If you are late to class, you may still hand in your project, immediately after you walk in the door.

Grading:

This lab will be graded out of 10 points, broken down as follows:

H-R diagram for nearby stars 2 points
H-R diagram for bright stars 2 points
Bar graph of number vs magnitude for nearby stars 1.5 points
Bar graph of number vs magnitude for bright stars 1.5 points
Answers to 3 follow-up questions 1 point each

Late Policy:

Late Policy is the same as for Lab 1. You may hand in your lab up to two weeks after the due date. However, points will be deducted according to the following schedule:

Tuesday May 18 - Thursday May 20 2 points
Thursday May 20 - Tuesday May 25 4 points
Tuesday May 25 - Thursday May 27 6 points
Thursday May 27 - Tuesday June 1 8 points

There isn't a class meeting on June 1. You may turn in your lab until the end of Linda's section (4:30 PM) on June 1. The deadline on each day other than June 1 is 2 PM, or immediately after you come into the classroom. The rules about handing in labs at the beginning of class and valid excuses for late labs are the same as for Lab 1.


Instructions

Making an H-R Diagram

You will be making two H-R diagrams for this lab. First, make one for the nearby stars list.

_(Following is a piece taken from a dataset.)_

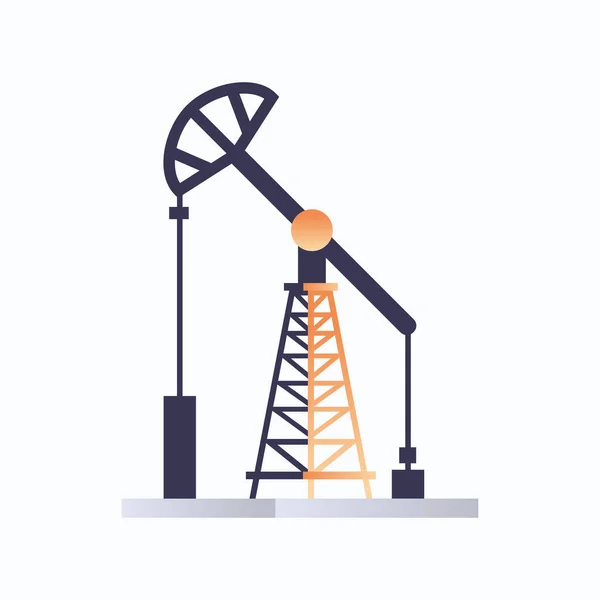 Oliepomp icon olie-industrie apparatuur fossiele brandstoffen productieconcept platte witte achtergrond — Stockvector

  1. Print the blank H-R diagram.
  2. Print the magnitude bins diagram.
  3. Using the temperature and luminosity or spectral class and magnitude(M(V)), plot the position of each star on the H-R diagram.
  4. Make a bar graph showing the number of stars in each magnitude bin on the magnitude bins diagram.
Now do the same thing for the bright stars list, using a new blank H-R diagram and magnitude bin diagram.
See the Hints section if you're having trouble.

Turning In Your Lab

You should give us the following, with your name on each page:

You MUST turn in a hardcopy of everything. The TA's will not look at diagrams or answers to questions posted on the Web, emailed to us, or in any form except a paper copy.

All parts of your project must be submitted at the same time. If you turn in an incomplete lab, you may not turn the rest of it in later, even if you submit all of the parts before the due date.

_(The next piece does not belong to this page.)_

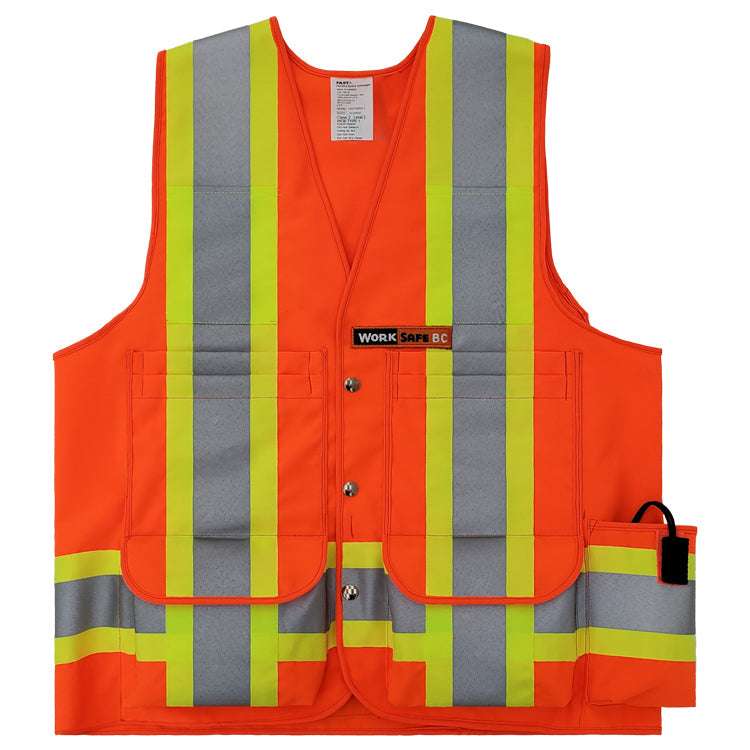 Deluxe high visibility surveyor style safety vest made of orange fluorescent polyester with multiple pockets by fastlimited.com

Whenever you turn in your lab, make sure we actually get it. Don't slip it under our doors, leave it on our desks, put it in our mailboxes, or give it to our office-mates.

H-R Diagram Guidelines

To make your diagrams easier for your TA's to read and grade (we remind you that TA's do have the right to deduct points for difficult-to-read diagrams!), you should follow these guidelines:


Follow-up Questions:

  1. Why does the H-R diagram for the bright stars look different from the standard H-R diagram?
  2. Why does the H-R diagram for the nearby stars look different from the standard H-R diagram?
  3. Which H-R diagram looks more like the standard H-R diagram you have seen in class (and in Lecture 11 in the Web notes, it's the second diagram on this page)

Hint: Use your bar graphs to help you answer questions 1 and 2. Think about what the bar graph for the stars used to make the standard H-R diagram might look like.


Some possibly helpful hints:

Making an H-R Diagram:

When you're making your diagram, especially if you're using your own paper, do a few "sanity checks." Try plotting a star by its temperature and luminosity, then plot the same star again by its magnitude and spectral type. If it doesn't come out in the same place, you know you're doing something wrong. If this keeps happening and you can't figure out why, come see one of us.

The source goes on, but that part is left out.